Mar 27 '23 00:03 oobabooga

@oobabooga Update: It seems I have to load the whole model for every process and let it chunk (before I split load the model to multiple GPUs so each process cannot find some parts). I can get the model to load now, however I encountered another problem when trying to do inference: https://github.com/microsoft/DeepSpeed/issues/3099

Mar 27 '23 02:03 sgsdxzy

Please keep me up to date. deepspeed_parameters.py and models.py are probably not configured to use deepspeed in the most general way possible and I would be interested in incorporating improvements.

Mar 27 '23 02:03 oobabooga

@oobabooga Here are some mixed news, and still very interesting:

First, I managed to get GPT-Neo and OPT to work. In fact the kernel support list includes most types textui supports (GPT-NEO/NEOX, GPT-J, GPT-2, BLOOM and OPT) so I think it is at least easy to support all these. Still cannot get Llama to work with custom injection, though.

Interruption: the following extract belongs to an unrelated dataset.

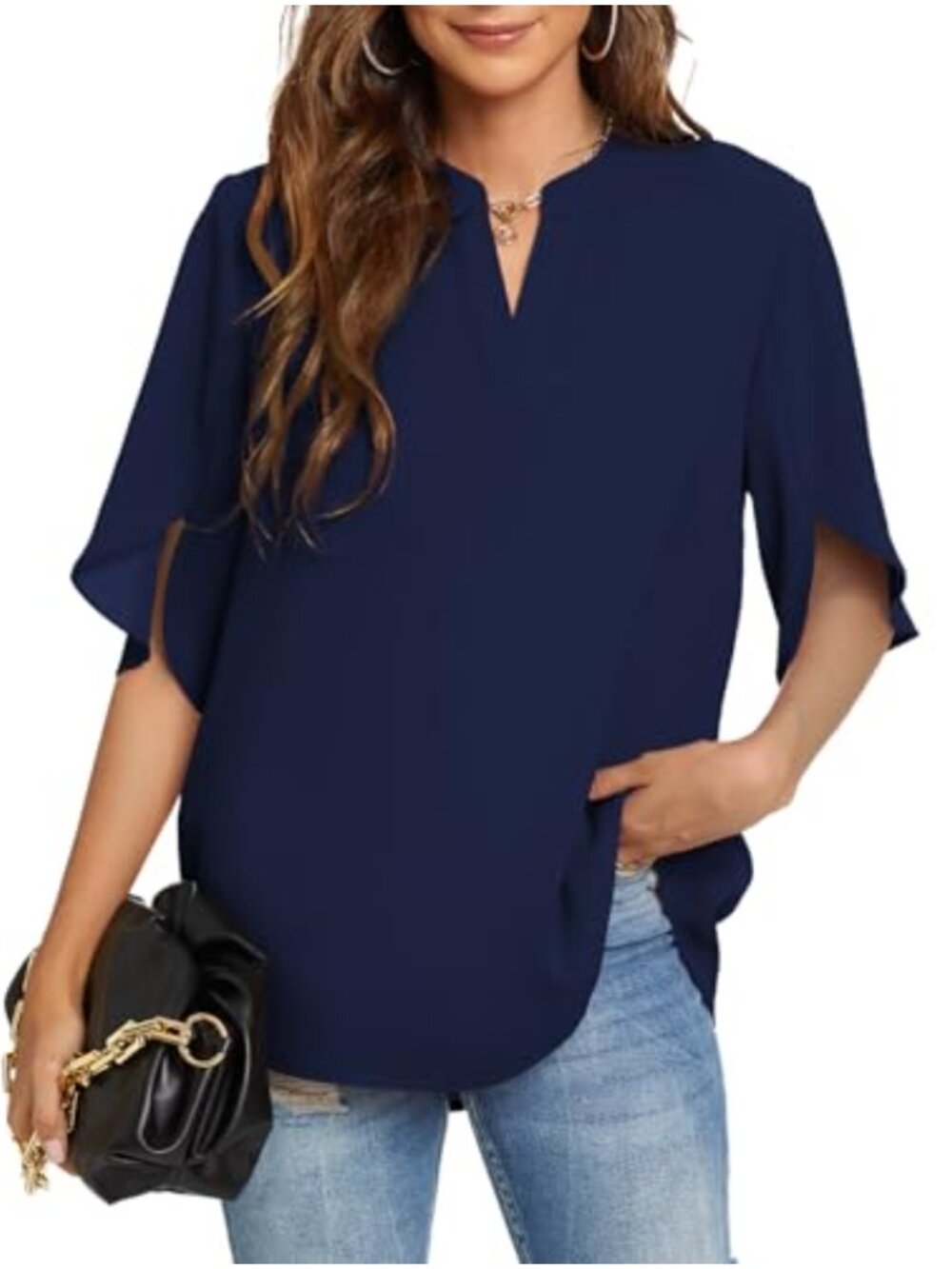 Women's Chiffon V Neck Ruffle Sleeve Tunic Blouse Dressy Office Top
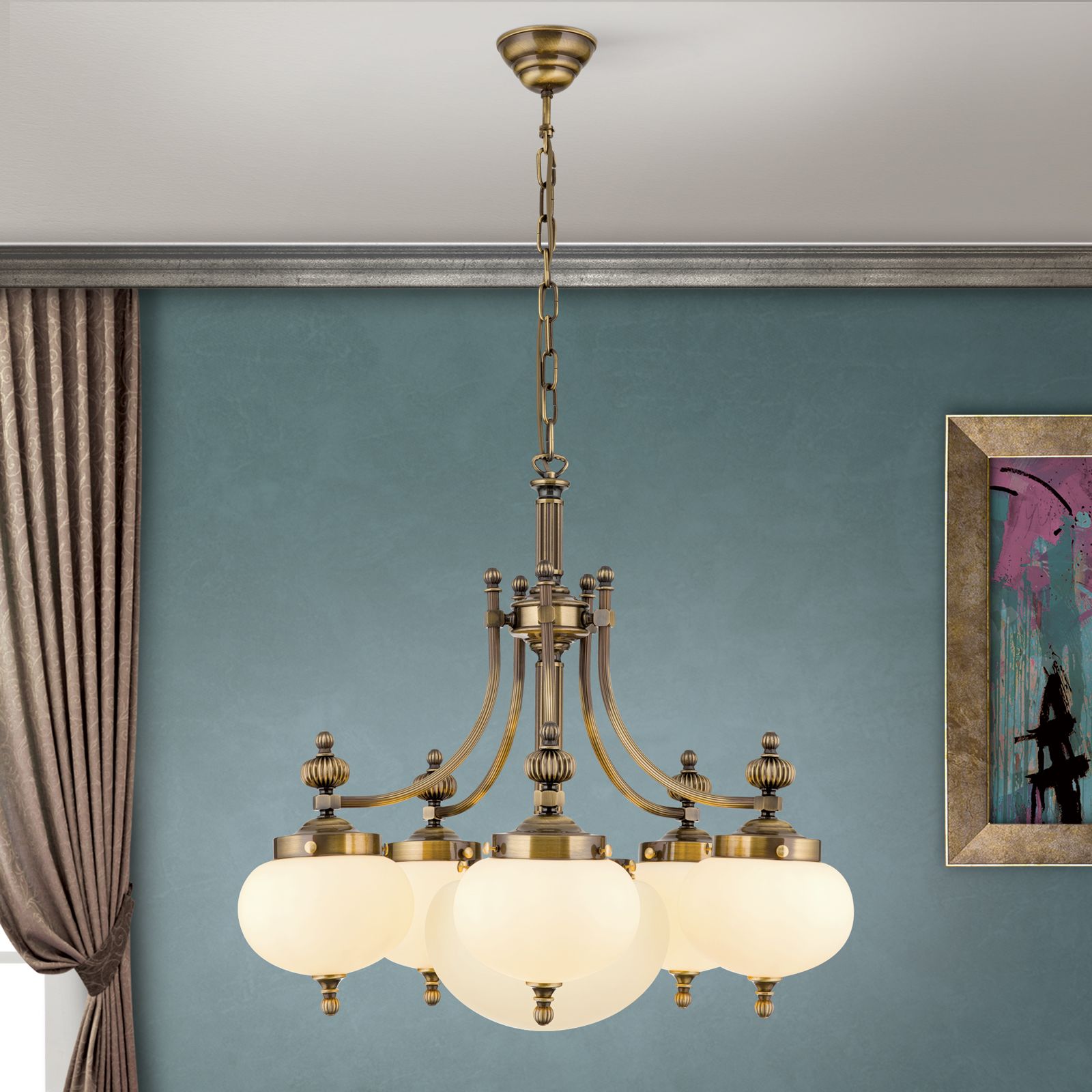 Chandelier WIENER NOSTALGIE, 5+1 lamps, antique brass finish, downwards, champagne coloured glasses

Second, one important caveat: deepspeed-inference does not shard the model. The model has to be replicated on every device. So if one gpu cannot fit a large model, you won't be able to use it. This severely limits its usefulness. And I cannot get 8bit to work (yet) so you have to fit a fp16 model in every gpu.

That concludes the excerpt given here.